The following days and nights I spent in my hotel room. I had flu, a high temperature, and the chimney stacks outside the window multiplied and divided stereoscopically. An endless storm raged outside and it comforted me at first, and then ceased to have any significance. I lay lifelessly on the bed, listening to it crashing overhead and thinking that this wasn’t the worst ending to a pointless sentimental journey. There was nothing for me to do here and I had done nothing in this beautiful foreign city, this large empty bed, under a roof that might or might not remember Sarra Ginzburg, her Russian accent, her French books.

In the 1960s, quite by chance, a Frenchman visited the family’s Moscow apartment. God only knows where he came from or who he was, but he was royally received, as all guests were, with all the salads known to man, and a homemade Torte Napoleon. All the family joined him at the table, including eighty-year-old Sarra, who had long since disappeared into herself. But when she heard French being spoken she became terribly animated and began speaking in the language of her youth. She sat up talking to the guest until long after midnight — they were both delighted with each other. In the morning she’d switched to speaking French completely and irrevocably, as a person might take vows and vanish into a monastery. When the family spoke to her in Russian she would answer in long French sentences. After a while they learned to understand her.

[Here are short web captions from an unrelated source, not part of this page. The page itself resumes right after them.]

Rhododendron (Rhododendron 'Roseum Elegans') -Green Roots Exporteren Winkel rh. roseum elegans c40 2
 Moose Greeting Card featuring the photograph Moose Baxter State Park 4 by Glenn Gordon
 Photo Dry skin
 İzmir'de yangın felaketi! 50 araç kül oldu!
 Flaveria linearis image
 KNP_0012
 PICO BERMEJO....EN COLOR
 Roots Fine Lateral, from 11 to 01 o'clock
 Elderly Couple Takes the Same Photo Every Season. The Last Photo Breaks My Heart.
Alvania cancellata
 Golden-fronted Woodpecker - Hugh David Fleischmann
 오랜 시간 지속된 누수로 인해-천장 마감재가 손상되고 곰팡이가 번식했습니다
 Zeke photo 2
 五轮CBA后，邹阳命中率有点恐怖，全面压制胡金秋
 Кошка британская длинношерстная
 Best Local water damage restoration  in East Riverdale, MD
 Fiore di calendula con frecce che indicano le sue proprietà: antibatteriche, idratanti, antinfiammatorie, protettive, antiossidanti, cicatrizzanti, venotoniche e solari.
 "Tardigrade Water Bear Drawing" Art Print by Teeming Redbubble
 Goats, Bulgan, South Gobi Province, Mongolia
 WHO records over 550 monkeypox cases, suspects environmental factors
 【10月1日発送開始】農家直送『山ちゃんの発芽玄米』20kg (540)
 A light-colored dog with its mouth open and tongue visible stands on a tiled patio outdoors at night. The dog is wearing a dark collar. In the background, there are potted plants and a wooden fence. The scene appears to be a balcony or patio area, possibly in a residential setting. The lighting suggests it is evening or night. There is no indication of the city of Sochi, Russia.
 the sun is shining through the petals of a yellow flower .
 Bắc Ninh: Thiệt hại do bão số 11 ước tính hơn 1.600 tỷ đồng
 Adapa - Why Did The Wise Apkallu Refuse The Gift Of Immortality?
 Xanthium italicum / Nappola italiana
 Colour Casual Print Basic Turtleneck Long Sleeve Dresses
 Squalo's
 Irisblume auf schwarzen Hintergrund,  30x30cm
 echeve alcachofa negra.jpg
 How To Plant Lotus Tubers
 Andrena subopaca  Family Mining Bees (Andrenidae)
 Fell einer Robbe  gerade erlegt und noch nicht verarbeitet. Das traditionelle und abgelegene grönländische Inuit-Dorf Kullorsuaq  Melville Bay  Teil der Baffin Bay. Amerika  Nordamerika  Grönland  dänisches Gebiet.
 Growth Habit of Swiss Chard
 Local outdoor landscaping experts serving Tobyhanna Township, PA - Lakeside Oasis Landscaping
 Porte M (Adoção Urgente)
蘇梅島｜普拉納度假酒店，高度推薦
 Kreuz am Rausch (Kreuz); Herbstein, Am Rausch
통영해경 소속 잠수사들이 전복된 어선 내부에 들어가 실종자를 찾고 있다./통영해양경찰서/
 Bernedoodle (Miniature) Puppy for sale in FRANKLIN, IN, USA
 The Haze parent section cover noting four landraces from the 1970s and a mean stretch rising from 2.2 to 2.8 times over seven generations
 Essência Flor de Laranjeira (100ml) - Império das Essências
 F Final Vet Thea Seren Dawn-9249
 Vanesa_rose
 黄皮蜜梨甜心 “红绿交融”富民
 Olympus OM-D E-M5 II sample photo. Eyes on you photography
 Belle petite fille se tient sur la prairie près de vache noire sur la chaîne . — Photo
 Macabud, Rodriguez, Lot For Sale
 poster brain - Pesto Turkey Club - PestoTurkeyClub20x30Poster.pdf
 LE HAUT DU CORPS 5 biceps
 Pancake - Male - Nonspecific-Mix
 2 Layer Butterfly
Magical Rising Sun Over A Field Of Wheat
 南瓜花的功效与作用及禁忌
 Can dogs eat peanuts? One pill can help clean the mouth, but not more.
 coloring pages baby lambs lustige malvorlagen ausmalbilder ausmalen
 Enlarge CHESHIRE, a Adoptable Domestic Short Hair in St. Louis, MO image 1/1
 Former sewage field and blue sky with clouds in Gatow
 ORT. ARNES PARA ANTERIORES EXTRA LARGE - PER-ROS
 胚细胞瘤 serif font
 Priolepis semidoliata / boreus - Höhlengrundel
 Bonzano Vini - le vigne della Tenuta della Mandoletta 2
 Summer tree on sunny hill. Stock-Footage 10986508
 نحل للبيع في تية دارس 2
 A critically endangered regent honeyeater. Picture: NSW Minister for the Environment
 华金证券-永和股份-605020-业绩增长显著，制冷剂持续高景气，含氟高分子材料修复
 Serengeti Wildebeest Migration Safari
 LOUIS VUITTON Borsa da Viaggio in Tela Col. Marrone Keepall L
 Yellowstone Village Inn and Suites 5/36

2. Little Lyonya from the Nursery

It was the middle of the night in November. Telephone calls at that hour were always a cause for fear, especially in the years when a single telephone rang in the deep womb-like corridor of a communal apartment, waiting for someone to run to lift the receiver. The voice at the other end was like nothing else they knew, hoarse and gulping, like a voice emerging from a gutter: “Your old man is dying. You should come.” And they went. I was two years old at the time, and fast asleep in a room. I don’t remember anything. Only four months before, my mother’s mother Lyolya had died, at just fifty-eight.